Kyauk Lone (ကျောက်လုံး; /my/; also spelt as Kyauk Lon) was three-time Myanmar Academy Award-winning Burmese actor. He was the first recipient of the Best Supporting Actor Academy Award in the Burmese film industry.

He won his first Myanmar Academy Award in 1962 with the film Ah Twae (အတွေ့), achieved his second award in 1964 with the film Yinwae Ta Theint Theint (ရင်ဝယ်တသိမ့်သိမ့်) and the third award in 1965 with the film Chit Thamee (ချစ်သမီး).

==Early life and education ==
His birth name is Aung Gyi and he was born in 1917 in Natogyi, Myingyan District, to his father U Thay and Daw Tin.

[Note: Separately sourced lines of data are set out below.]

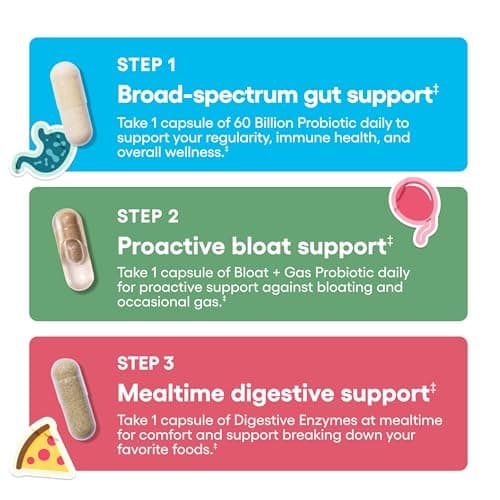 Physician's CHOICE Gut Guardian Bundle: Advanced Bloating & Digestion Support with 60 Billion Probiotic, Digestive Enzymes & Bloat + Gas Probiotic - Daily Gut Health Support for Women and Men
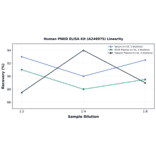 Linearity - Human PNKD ELISA Kit (A246975) - Antibodies.com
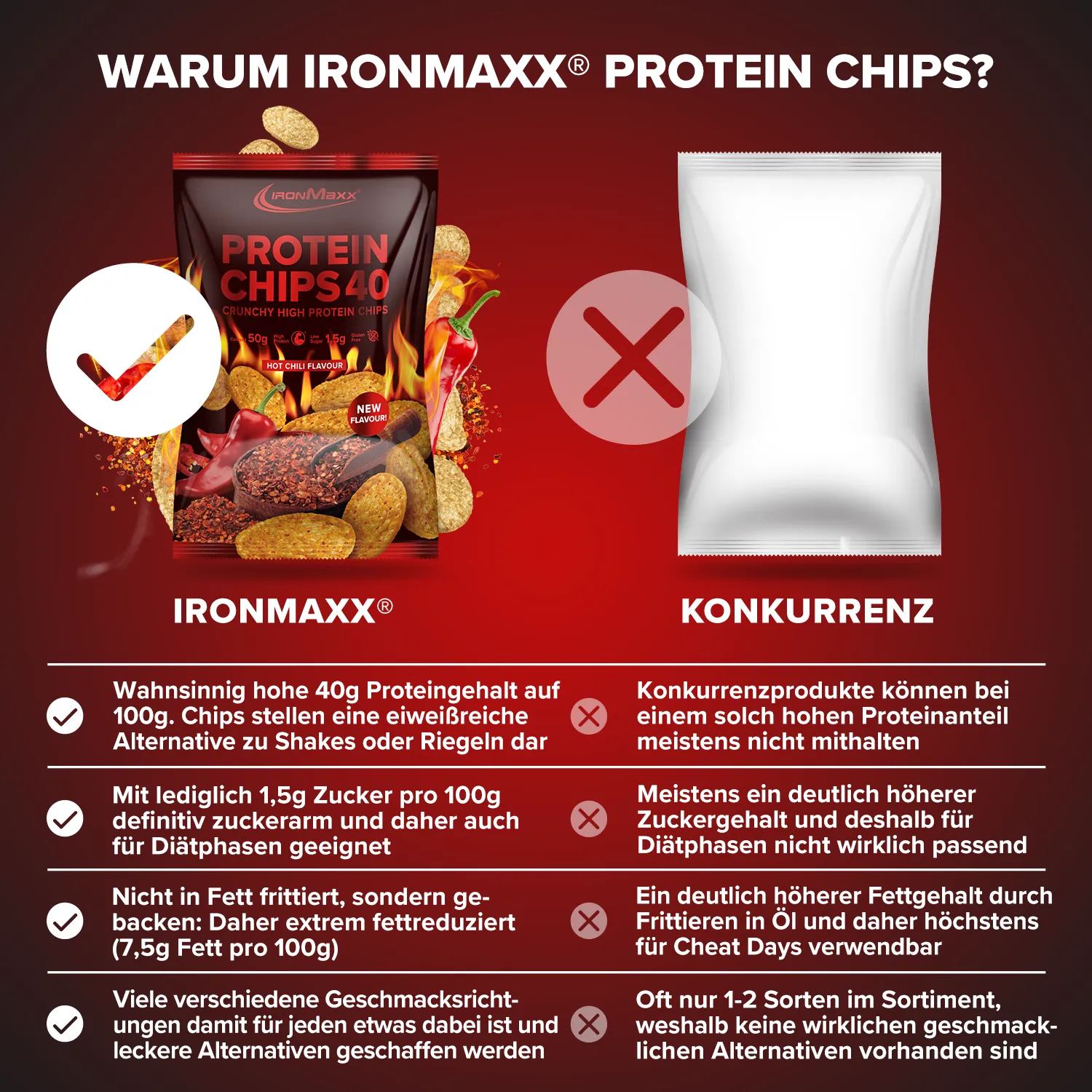IronMaxx Protein Chips 40 Chips Hot Chili 50g proteinreich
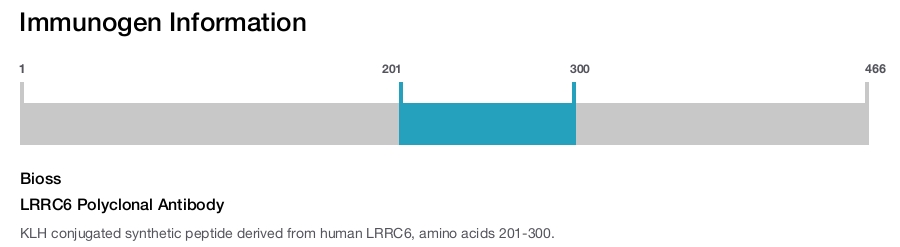 LRRC6 Polyclonal Antibody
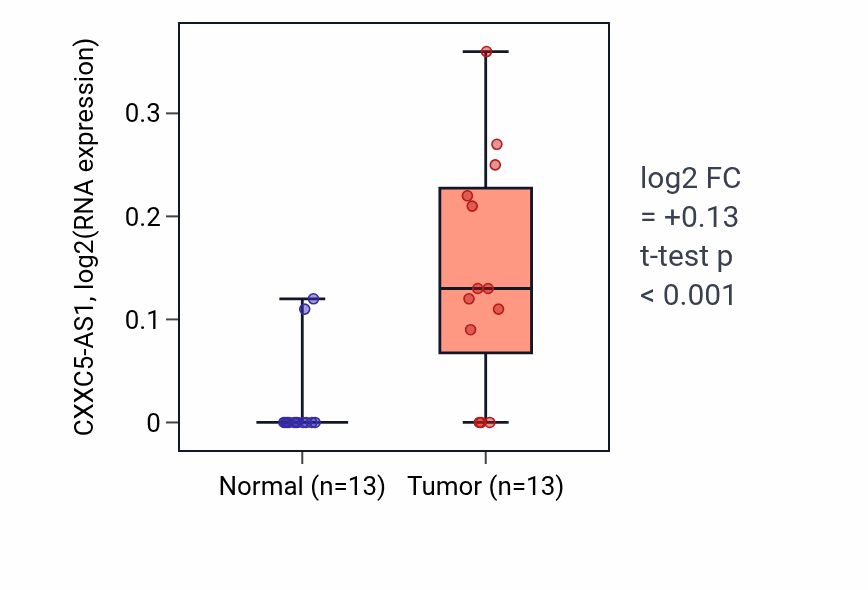 Tumor-vs-normal expression box plot for CXXC5-AS1 RNA in LIHC.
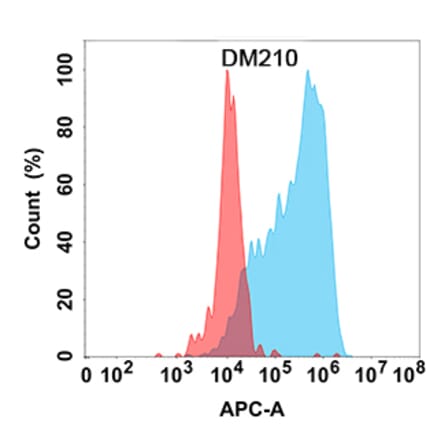 Flow Cytometry - Anti-DKK1 Antibody [DM210] - Azide free (A318499) - Antibodies.com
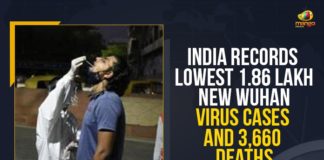 Coronavirus Cases, coronavirus cases in india state wise, coronavirus cases in india today state wise, coronavirus cases india, coronavirus india, India Coronavirus, India Covid-19 Updates, New Confirmed Corona Cases, total corona cases in india today, total corona positive in india,mango news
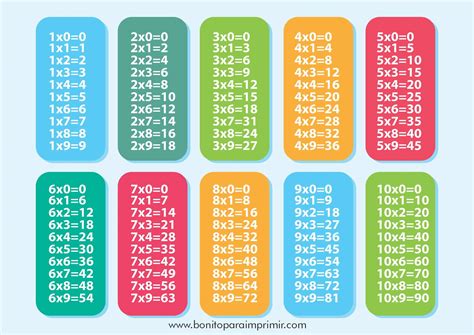 hinzufügen Archiv Rat imagenes de tablas de multiplicar para imprimir Werkzeug Sozialistisch Dicke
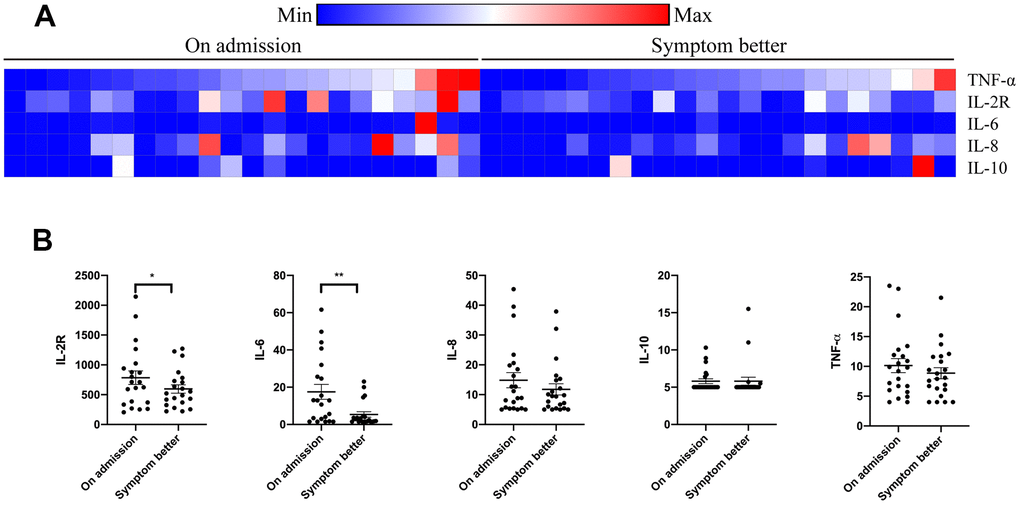 Serum cytokines alteration in cancer patients with COVID-19 during therapy. Levels of TNF-α, IL-2R, IL-6, IL-8, and IL-10 were tested on admission and when symptom turning better (A). Levels of TNF-α, IL-2R, IL-6, IL-8, and IL-10 were changed in cancer patients who recovered from COVID-19 (B).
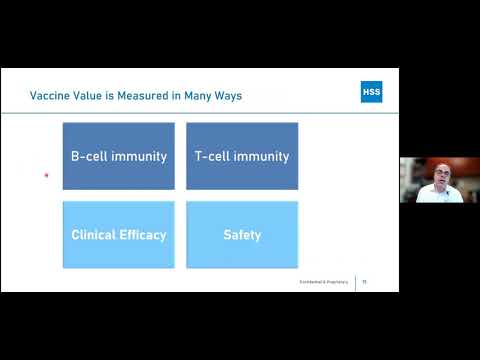 COVID-19 Updates for Patients with Lupus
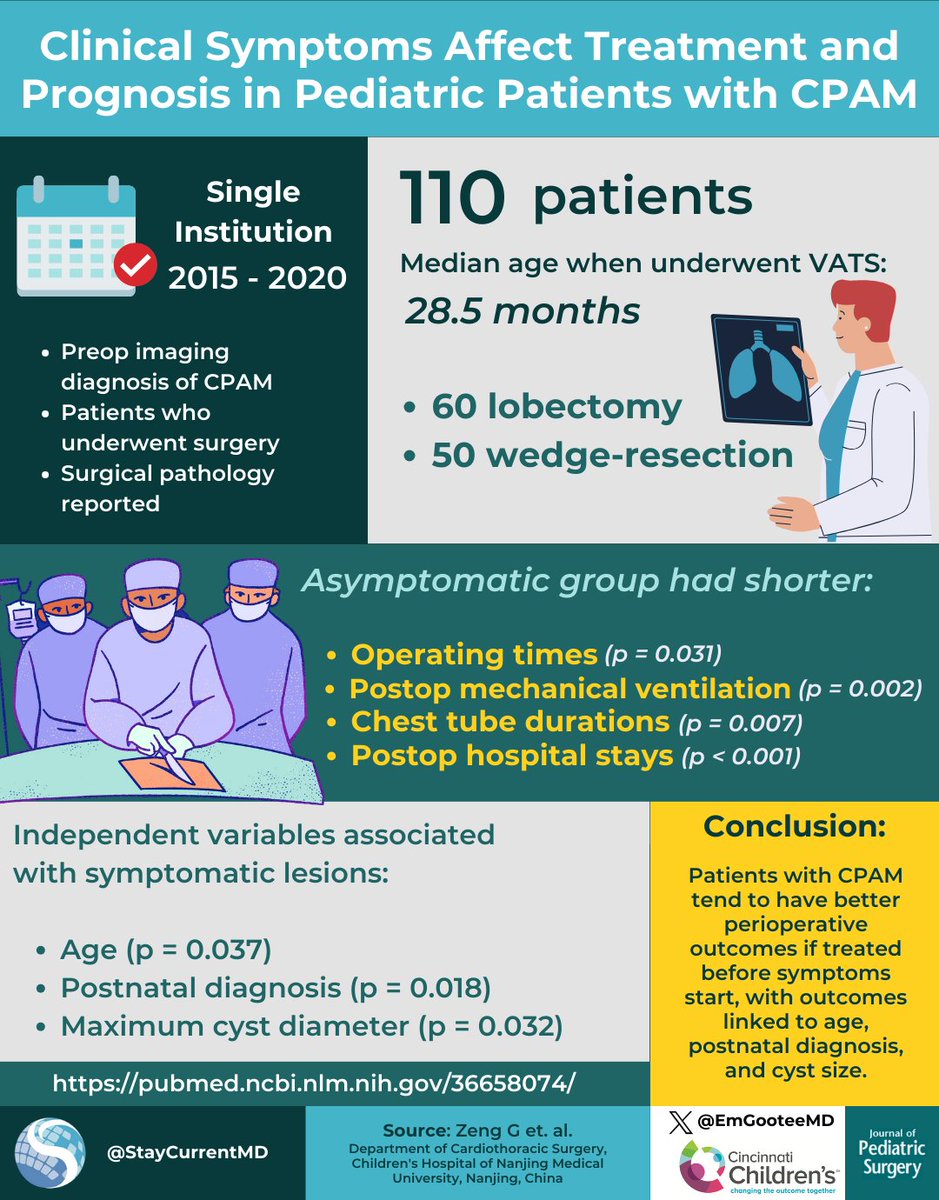 StayCurrentMD's tweet image. New infographic by @EmGooteeMD
"Clinical Symptoms Affect Treatment and #Prognosis in #Pediatric Patients with #CPAM" Zeng G et. al.
Full article: jpedsurg.org/article/S0022-…
#SoMe4PedSurg #Thoracoscopy
Made possible by @cincychildrens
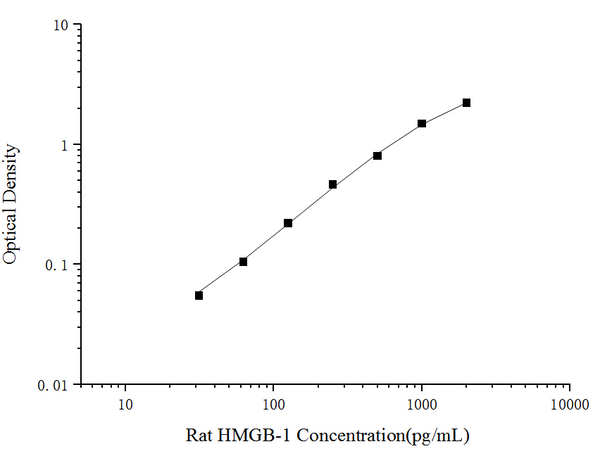 Rat HMGB-1 (High Mobility Group Protein B1) ELISA Kit – Figure 1 of 3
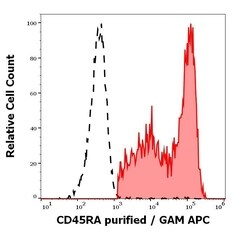 Invitrogen CD45RA Monoclonal Antibody (MEM-56) 100 &mu;g; Unconjugated:Antibodies,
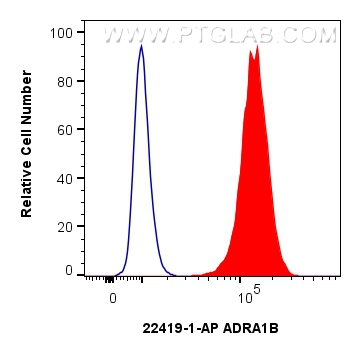 Flow cytometry (FC) experiment of PC-3 cells using ADRA1B Polyclonal antibody (22419-1-AP)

He is the fourth of seven siblings. As a child, he was educated in Myingyan and passed the tenth grade.

==Personal life==
Kyauk and his wife, Daw Mya Mya, have seven children, and only his granddaughter, Wah Wah Aung, entered the art world.

==Death==
He died on 26 May 1982 at the age of 63 at his home in Tamwe Township, Rangoon.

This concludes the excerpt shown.